I have been writing about DACA since I began teaching in 2012. For nearly eight years, I have had to explain a single fact over and over and over again: the deferred action policies were unlawful because they conferred federal benefits; not because they deferred deportations. Early on in the DAPA litigation, Texas conceded that DHS could issue “do not deport” cards. Texas’s objection concerned the fact that DACA, and later DAPA, allowed the federal government to grant a host of federal benefits, such as work authorization.
Yet, this simple fact has always been ignored–with good reason. It is far more powerful to raise the specter of deporting Dreamers, then merely taking away their work authorization. Most Dreamers were never a priority for removal. As we are often reminded, the federal government can only deport about 400,000 a year. DACA was always about granting the Dreamers work authorization.
Over the past five years, I have filed several briefs on behalf of the Cato Institute drawing this distinction: DHS had the authority to defer the deportations, but not to grant the benefits. (See pp. 18-21 of our Supreme Court brief). And this argument has consistently fallen on deaf ears.

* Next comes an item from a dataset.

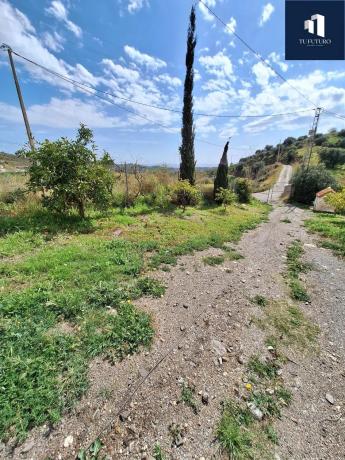 Terreno en Almayate Bajo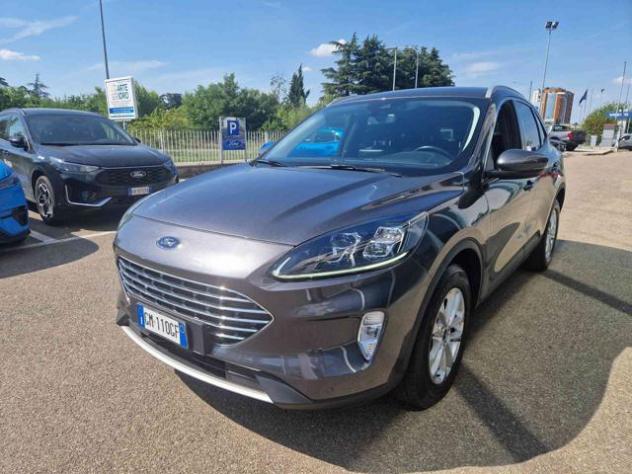 FORD Kuga 1.5 EcoBoost 150 CV 2WD Titanium X rif. 23723758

Now, the most unlikely candidate has breathed life into our position: Chief Justice Roberts. He recognized that the benefits element of DACA was separate from forbearance of removal. And he did not agree with the 2nd, 9th, and D.C. Circuits that the conferral of these benefits was lawful. Instead, he seemed to agree with the 5th Circuit that the conferral of benefits was unlawful. (More on that point later).
But then we get the John Roberts special: because the forbearance of removal provision was permissible, the Secretary acted arbitrarily and capriciously for rescinding the entire DACA policy. In effect, Roberts applied a severability analysis: the unlawful portion of DACA (conferral of benefits) should have been severed from the permissible portion (forbearance). And because the Secretary did not sever the DACA memo appropriately, the entire rescission was unlawful. (If this sort of analysis is applied to the ACA case, Congress’s failure to properly repeal the individual mandate would render all of Obamacare unconstitutional–mostly joking.)
The Chief’s standard exceeds even the strictest scrutiny I have seen in equal protection cases. Every government gets some degree of latitude, even when dealing with fundamental or enumerated rights. But the failure to adopt the precise legal analysis Chief Justice Roberts adopted, which had been heretofore unknown, renders the policy arbitrary and capricious. We saw a similar mode of analysis last year in the Census case. But here, the A&C standard was upgraded to an electron microscope–a single molecule out of place, and the Chief orders a remand.
I will write a subsequent post that analyzes these points in some detail. But this post should provide a high-level overview of my thoughts.